In order to accomplish that task, the US has the requirement to politically control Eurasian energy resources, in particular oil.

Since the invention of Large Independent Mobile Machines (LIMMs) such as cars, planes and tractors, they have incrementally begun to shape our lives in many ways. LIMMs enable us to do what we do, they make us have jobs, they make the water flow, and they make supermarkets full of food. To put it simply, LIMMs have become the main elements of international economic activities. “For a society in which LIMMs play a central role no other energy resource is efficient as oil. It is compact and easy to use, in its natural state it is located in highly concentrated reservoirs, and it can be transformed into a usable energy product rapidly, cheaply and safely.” 39 To put it simply, oil is the lifeblood of modern economies and the US relies on the international energy market to ensure its security.

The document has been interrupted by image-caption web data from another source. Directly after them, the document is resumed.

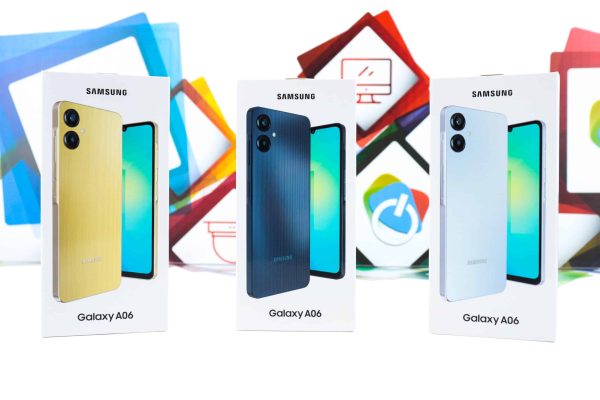 Smartphone Samsung Galaxy A06 4GB / 128GB 6,7'' Light Blue - Slika 13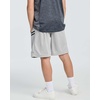 image:image5 Pack Boys Athletic Shorts Basketball Soccer Quick Dry Pockets Kids TeensSet 5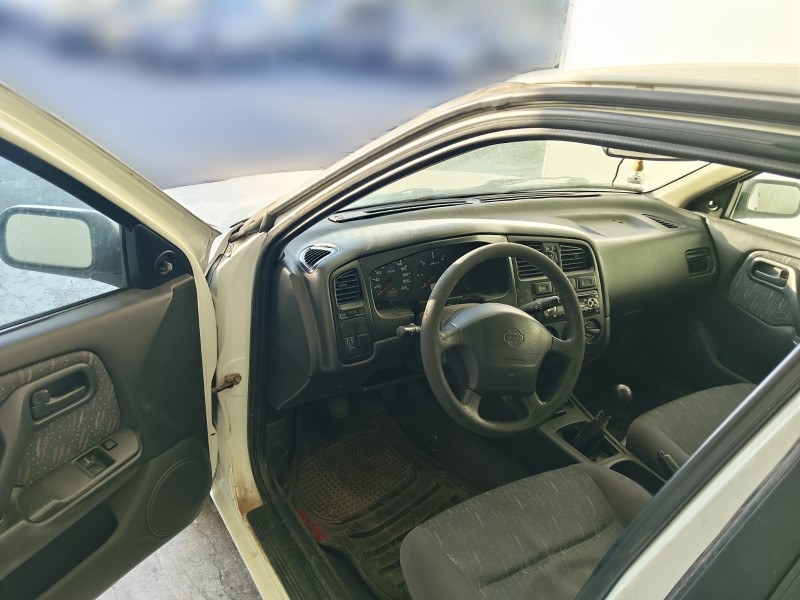 nissan primera (p11) del año 1997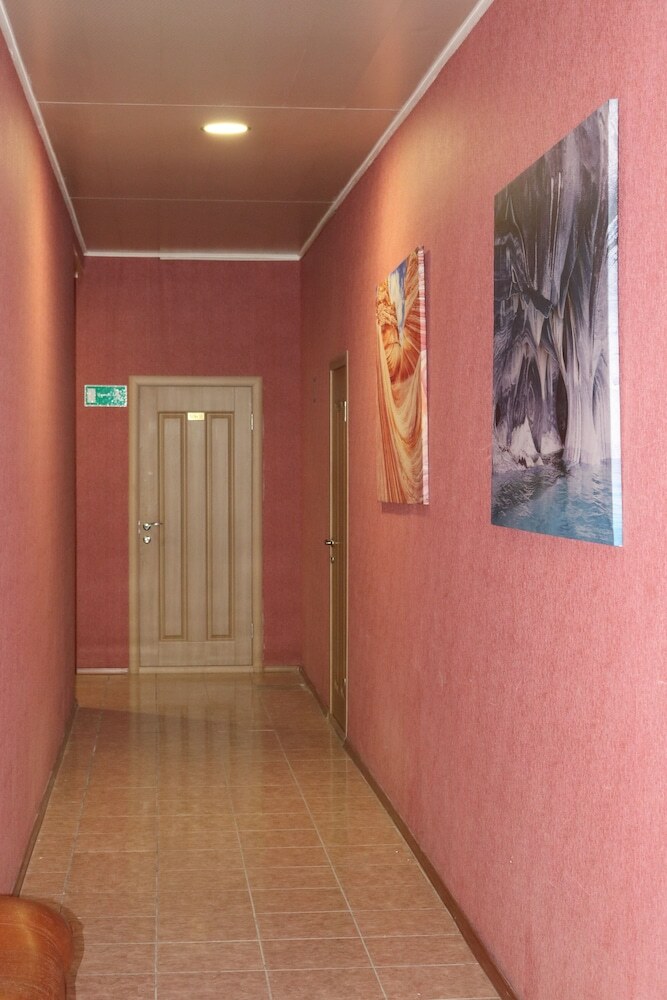 Hostel People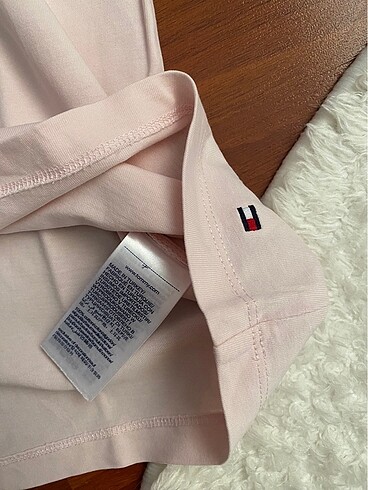 Tommy Hilfiger Tommy hilfiger tişört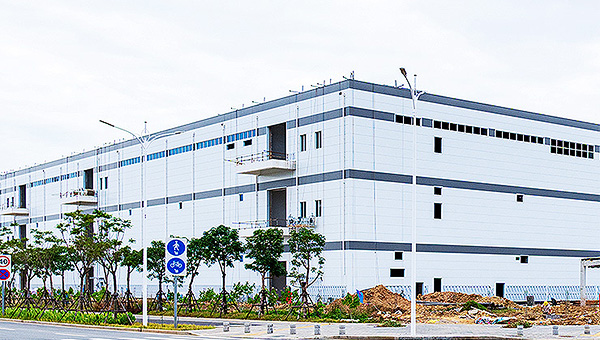 深圳市合兴隆塑胶五金有限公司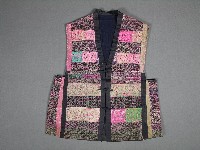 背心藏品圖，第1張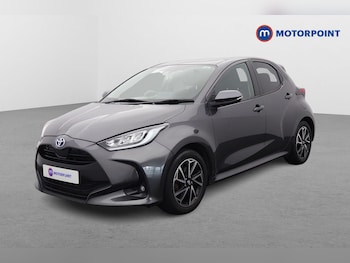 Used Toyota Yaris 2022 for sale - 79480043: Photo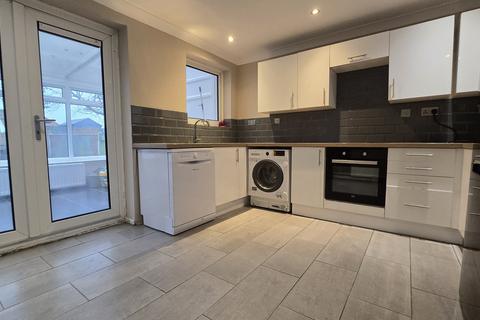 2 bedroom end of terrace house for sale, Boswell Close, Orpington, BR5
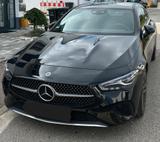 Mercedes-Benz CLA 180 Shooting Brake  - gebrauchte Mercedes-Benz CLA 180 Shooting Brake aus dem Jahr 2023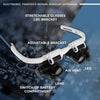 | LensLit™ LED Magnifier Glasses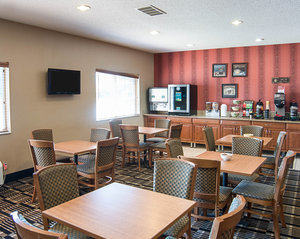 Hotel Comfort Inn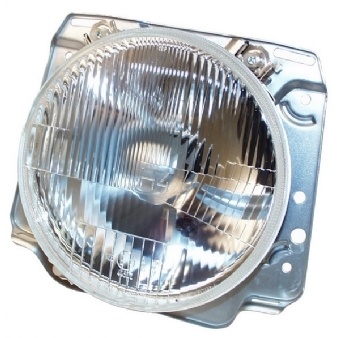 Koplamp Golf 2 H4 191941753A 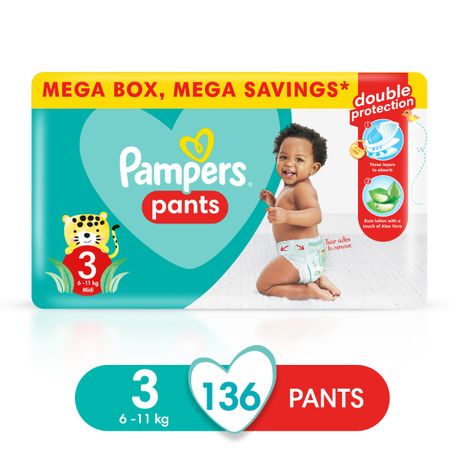 pampers probki darmowe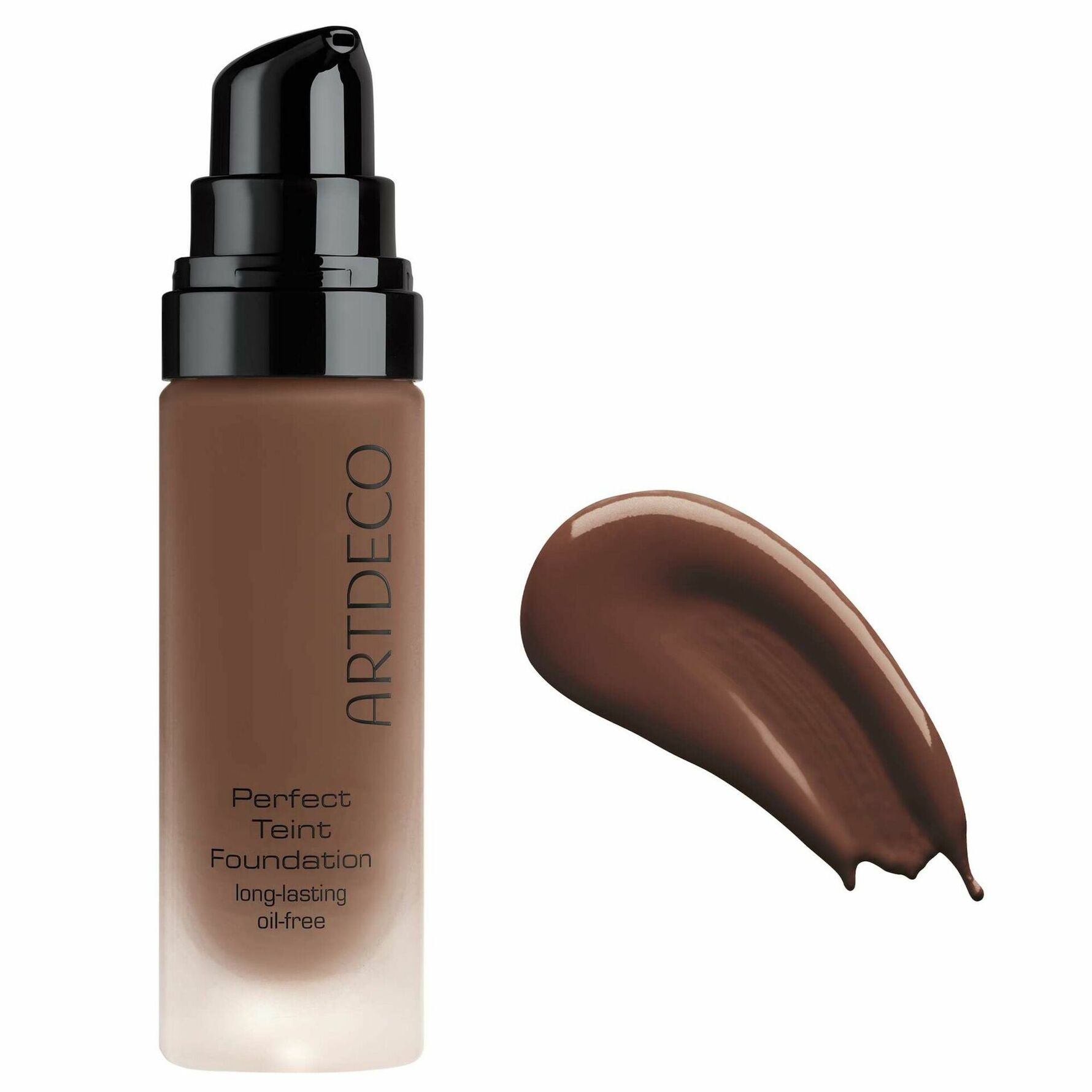 ARTDECO Perfect Teint Foundation 95 Neutral Deep Truffle 95 Neutral Deep Truffle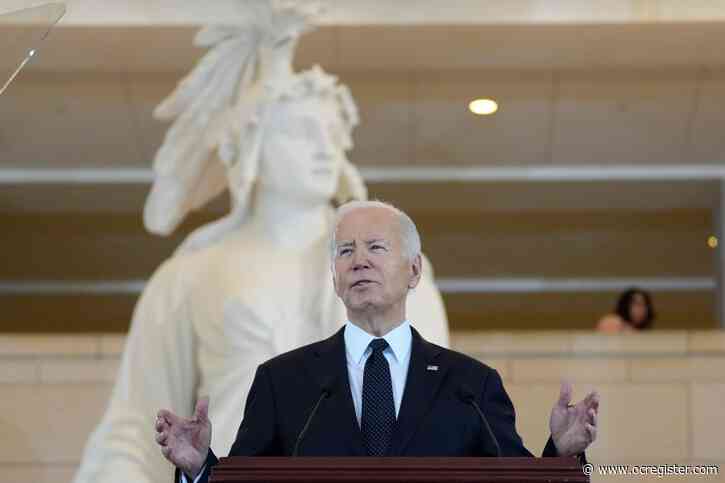 Susan Shelley: Did anyone in the Biden administration ever pass an economics class? Maybe not.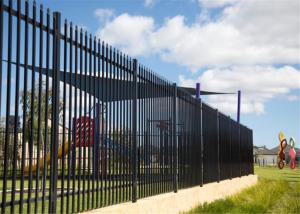 Wholesale Garrison Security Fencing protect Your Property from china suppliers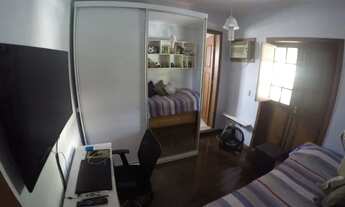 Imagem 7: Casa de condomínio para venda com 290 metros quadrados com 4 quartos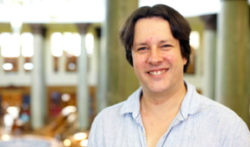 Dr Brendon Nicholls
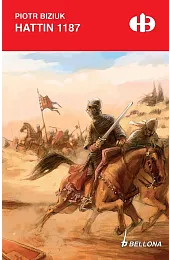 Hattin 1187Biziuk Piotr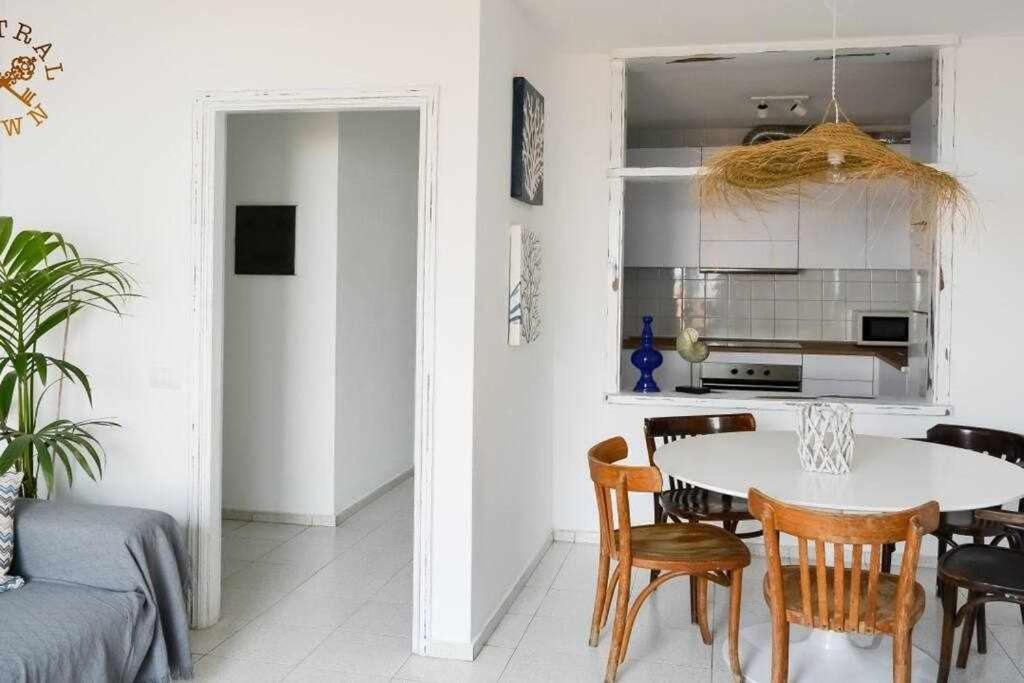 Central Town Corralejo Family House By Rentalfue 외부 사진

As Amineh and Houweling observe, “Oil and gas are not just commodities traded on international markets. Control over territory and its resources are strategic assets.” 40 This is particularly the case for the Caspian region, which is located at the centre of the Eurasian Heartland, and whose potential hydro-carbon resources has made it a playground for strategic rivalries throughout the twentieth century, and will likely continue to do so in the twenty-first century. As the Washington-based energy consultant, Julia Nanay, has observed, “New oil is being found in Mexico, Venezuela, West Africa and other places, but it isn't getting the same attention, because you don't have these huge strategic rivalries. There is no other place in the world where so many people and countries and companies are competing.” 41

The demise of the USSR marked the emergence of the Caspian region as a new energy producer. Until that time, the importance of the region as an energy source had not been appreciated with the exception of Baku, which enjoyed an oil boom for a few decades in the late nineteenth century. Even though there are disagreements on the extent and quantity of potential energy resources in the region, and thus on its geo-strategic significance, a consensus does exist on the fact that the region's economically feasible resources would make a significant contribution to the amount of energy resources available to world energy markets. The principal reason for this consensus emerges from Kazakhstan's rich oil reserves at the age of volatile high oil prices.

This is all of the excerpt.